New subject: [Zope-dev] inconsistent mimetype assignment for uploaded files

30 Sep 2004


      Hello,
we recently realised mimetype assignment in Zope to e.g. Zope File
objects is inconsistent and can vary when different clients (browsers)
upload files with the same file extensions.
Example: when a file called "foobar.rtf" is upload to a Zope File
object from Linux Firefox, the mimetype assigned is (can be)
'application/rtf'. However, the same file uploaded to the same Zope
File object in the same Zope instance, using IE on Window2000 (with MS
Office installed) will get 'application/msword' assigned.
The mimetype assignment for uploaded files is done in OFS.Image.py
(maybe there're more places or other Products that do this - I know
that at least ExtFile does this too). line 463 of OFS.Image.py, Zope
2.7.2:
def _get_content_type(self, file, body, id, content_type=None):
     headers=getattr(file, 'headers', None)
     if headers and headers.has_key('content-type'):
         content_type=headers['content-type']
     else:
         if type(body) is not type(''): body=body.data
         content_type, enc=guess_content_type(
             getattr(file, 'filename',id), body, content_type)
     return content_type
Then I understood that the headers as sent by the client for this file
(may?) have a content-type entry that takes precedence over both the
mimetypes 'database' and the content_type passed in as an argument.
We could deal with the inconsistent assignment on the application
level (in this case Silva), but I'd rather consider changing this
behaviour on the Zope level.
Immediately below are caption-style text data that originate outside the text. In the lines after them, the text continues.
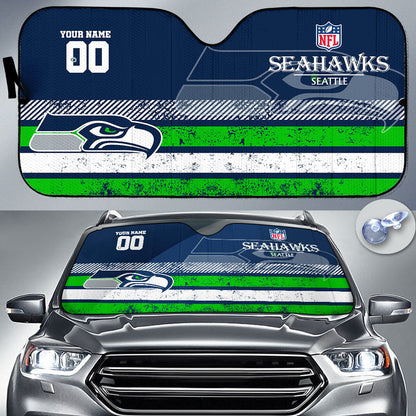 LIMITED EDITION - NEW CUSTOMIZED NFL06 SSH SEATTLE SEAHAWKS AUTO WINDSHIELD SHADE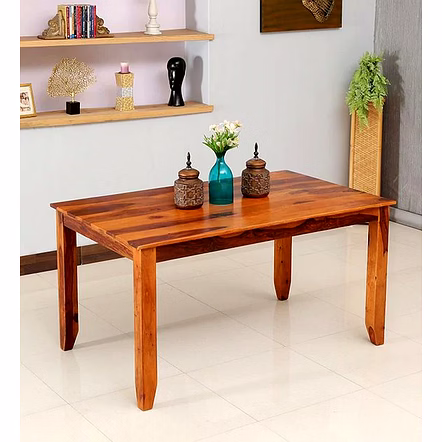 Ramdoot furniture Solid Wood 6 Seater Dining Table In Teak Finish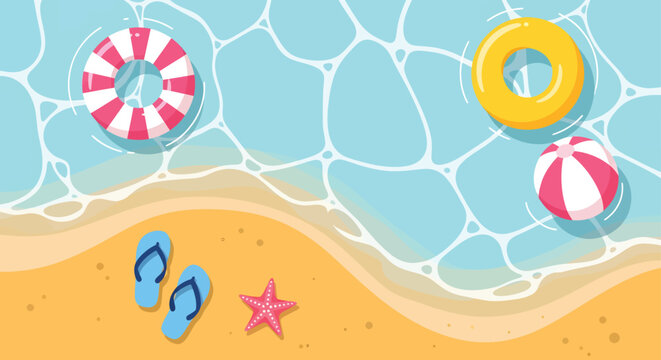 Beach scene with inflatables and flip flops on sandy shore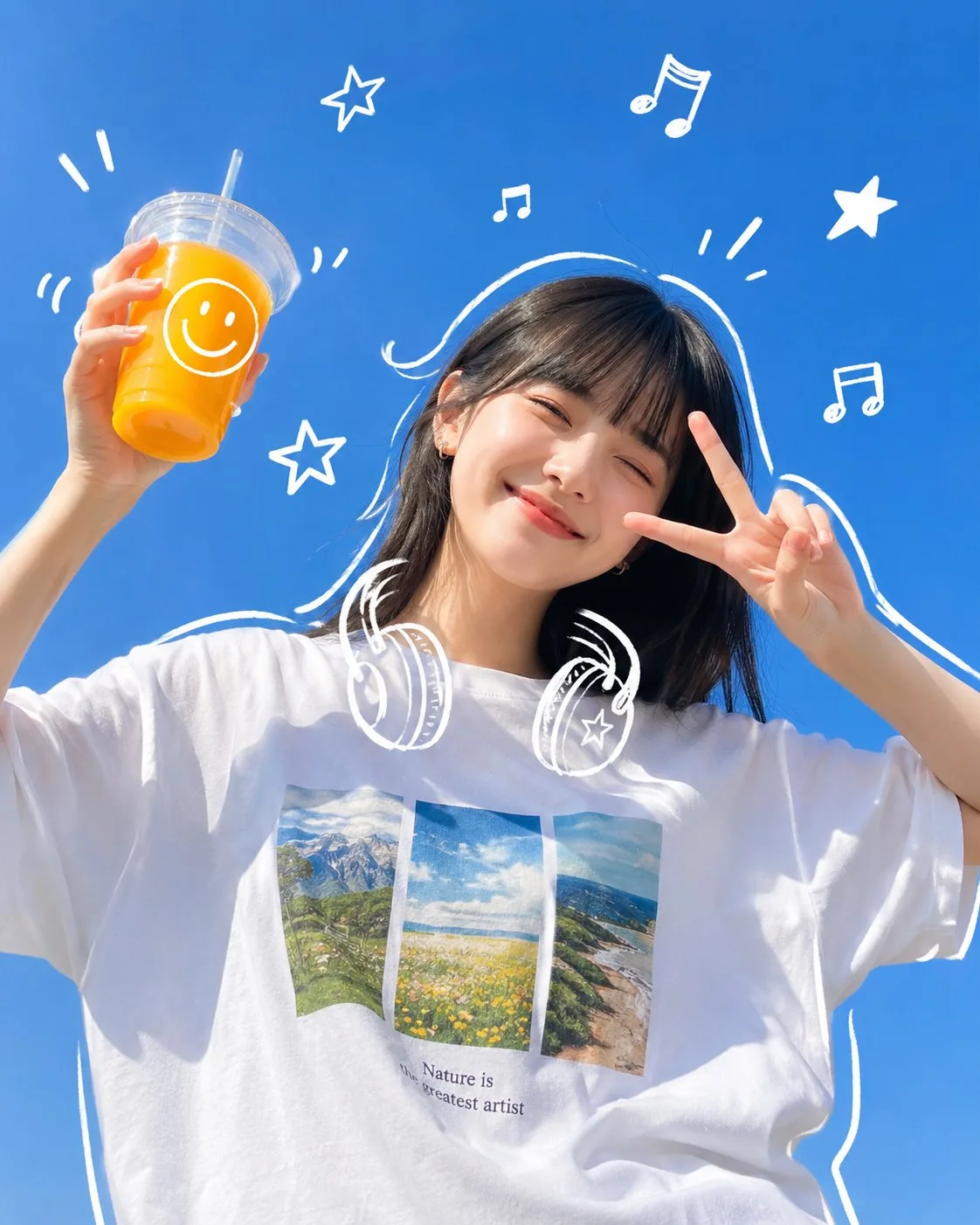 สาวป๊อปอาร์ตสดใสกับน้ำส้ม พลังงานเต็มเปี่ยม 1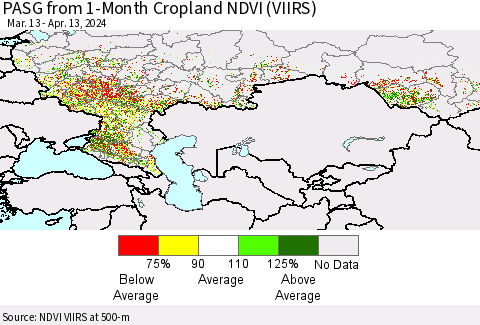 Russian Federation PASG from 1-Month Cropland NDVI (VIIRS) Thematic Map For 4/6/2024 - 4/13/2024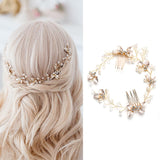 Maytrends Pearl Leaf Comb Headband Hair Accessories For Women Tiara Headband Wedding Accessories Headband on the head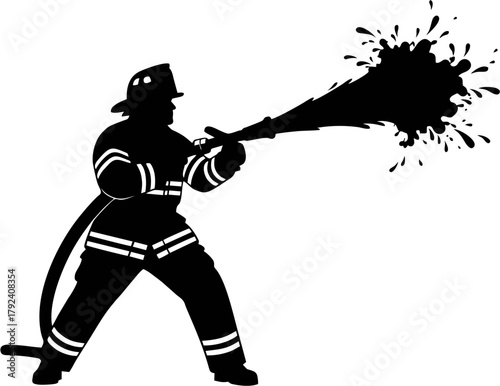 Dynamic silhouette illustration of a brave firefighter in action, skillfully directing a powerful hose spray to extinguish a blaze, symbolizing emergency response and heroism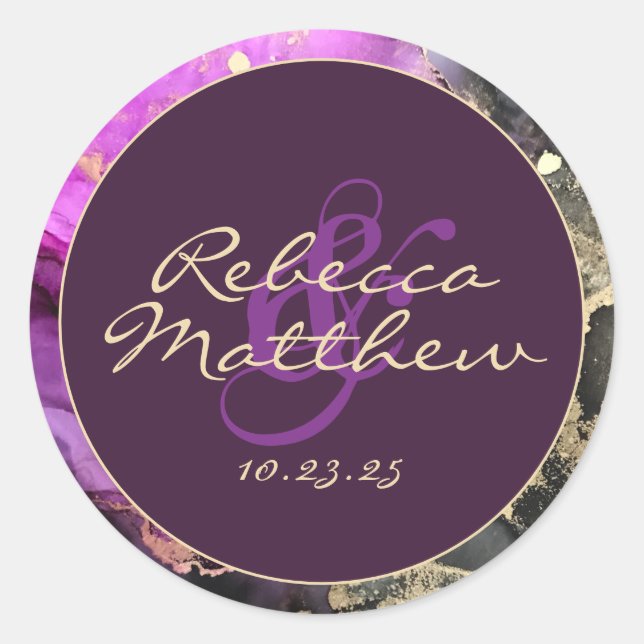 Sticker Rond Personnalisé Nommé Black Gold Purple (Devant)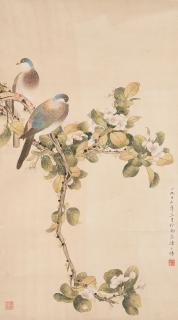 Chen Zhifo - Two Partridges And Pear Bloossoms
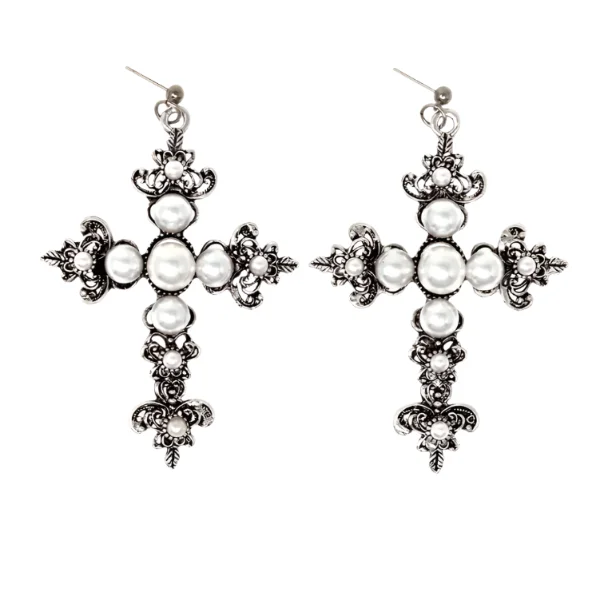 Small Drop Earrings for Casual Style-Pearl Cross Earrings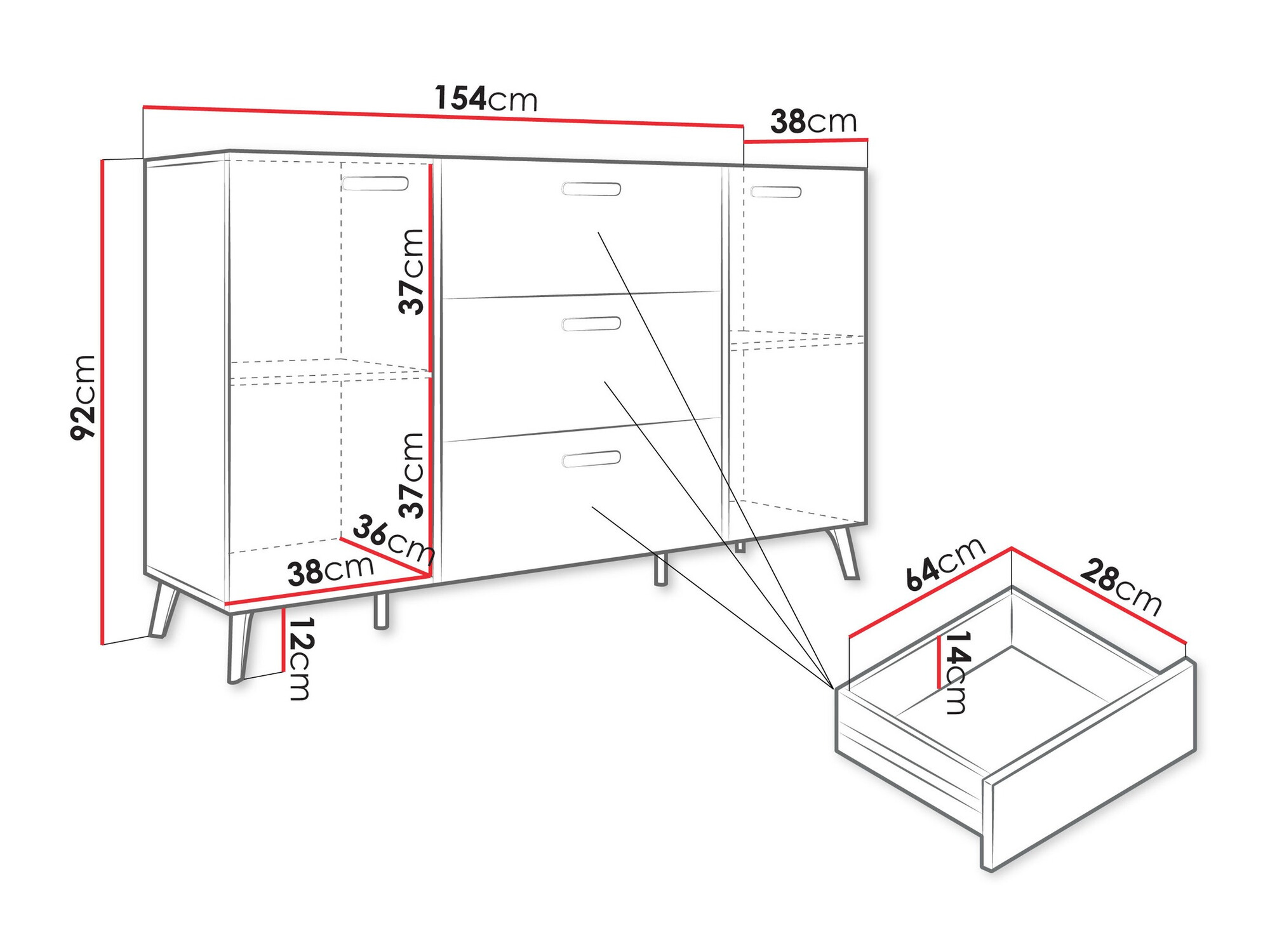 Komoda Comfivo Capella I (Bijela + Sjajno bijela)
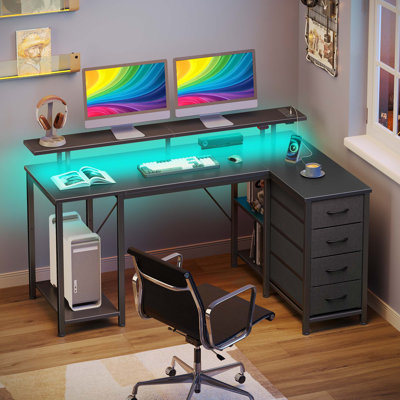 L Shaped Desk with Monitor Stand and Drawers, Gaming Desk with RGB LED Lights &Power Outlets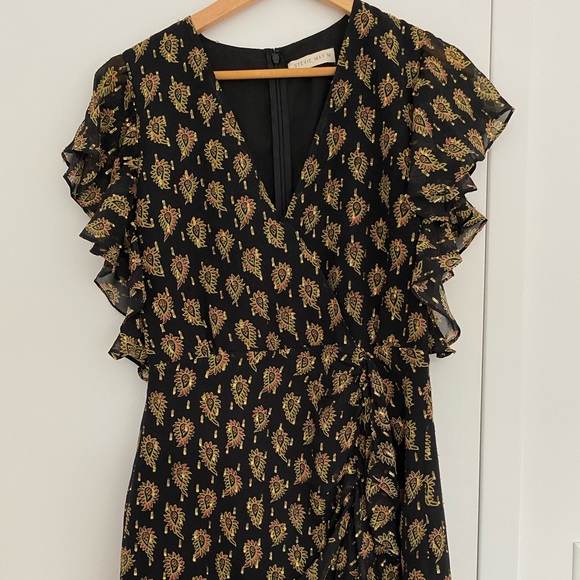Boho Wrap Dress Ruffle Gold Black S / US 4 - Picture 5 of 12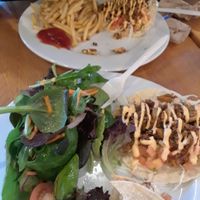 Jackfruit taco plates  at One Veg World in Pasadena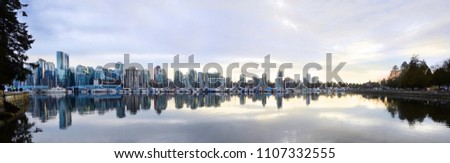 Vancouver, Canada, view of the city from Stanley Park side. Stanley Park.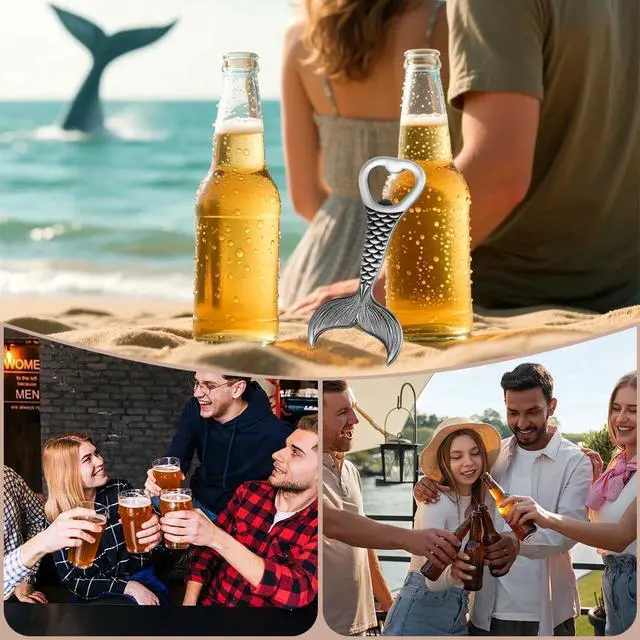 Alt view image 5 of 7 - Mermaid Tale Beer Bottle Opener, Sea-Inspired Gift for Fishermen Women Beach Lovers, Silver Beer Accessory with Gift Bag for Birthday, Christmas, Holiday, Outdoor Party, Novelty Bar Tool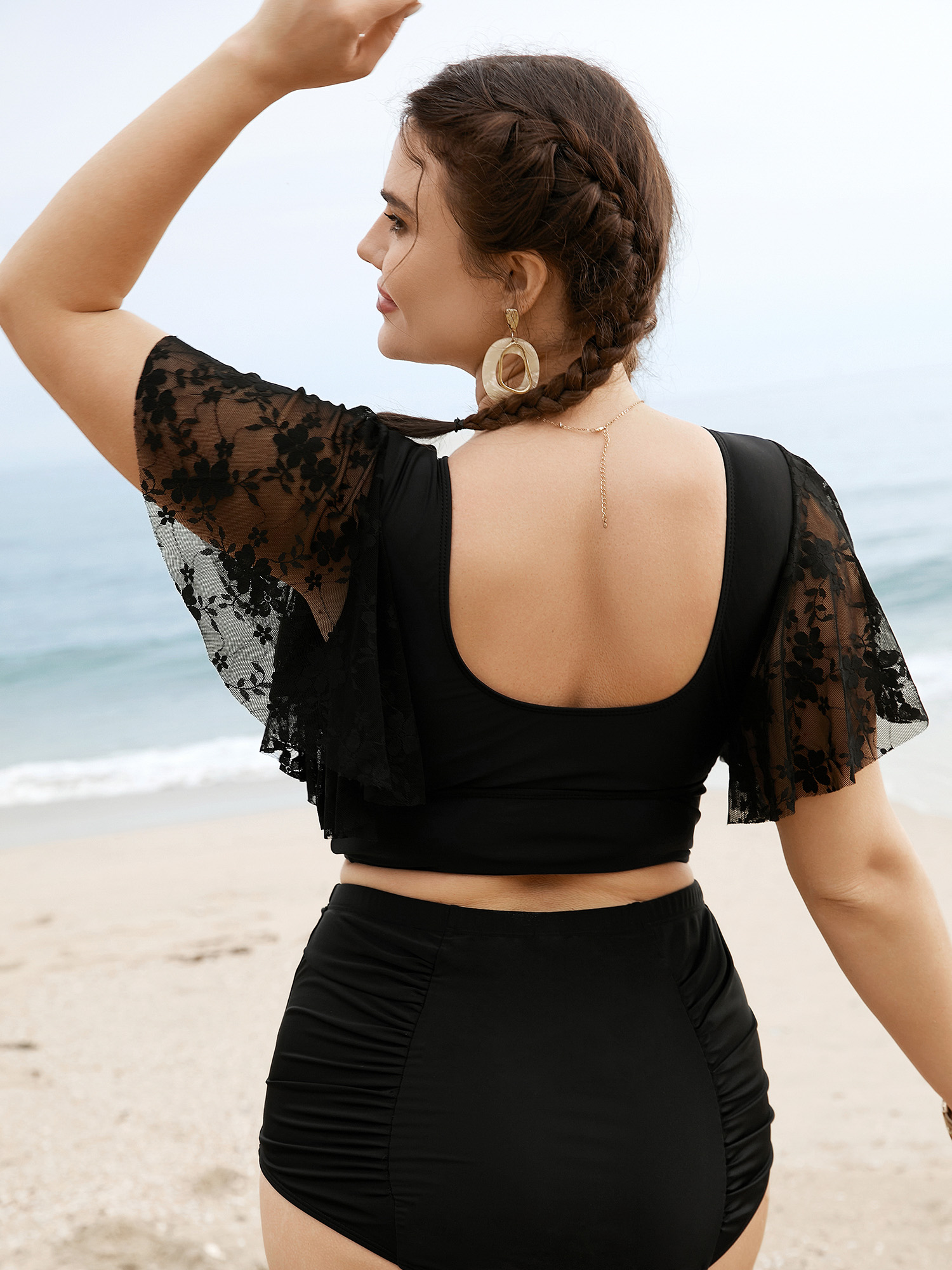 Plus Size U Neck Crochet Lace Mesh Swim Top Women`s Swimwear Black Beach Texture High stretch Skinny U-neck Curve Swim Tops BloomChic 18-20/2X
I could imagine changing the way a
mimetype is 'guessed' from an uploaded File to something like:
def _get_content_type(self, file, body, id, content_type=None):
     """
     Order of precedence:
     1) see if guess_content_type resolves to a mimetype for the
        filename
     2) if not use content_type as sent in the headers if
        available
     3) else use argument passed in
     """
     headers = getattr(file, 'headers', {})
     content_type = headers.get('content-type', content_type)
     if type(body) is not type(''):
         body = body.data
     name = getattr(file, 'filename', id)
     content_type, enc = guess_content_type(name, body, content_type)
     return content_type
Does anyone have an opinion on this? Is the current behaviour
completely intentional, maybe even according to some specification
(and thus I should deal with it on the application level)? Should I
file a collector issue?
regards
jw
-- 
Jan-Wijbrand Kolman
jw@infrae.com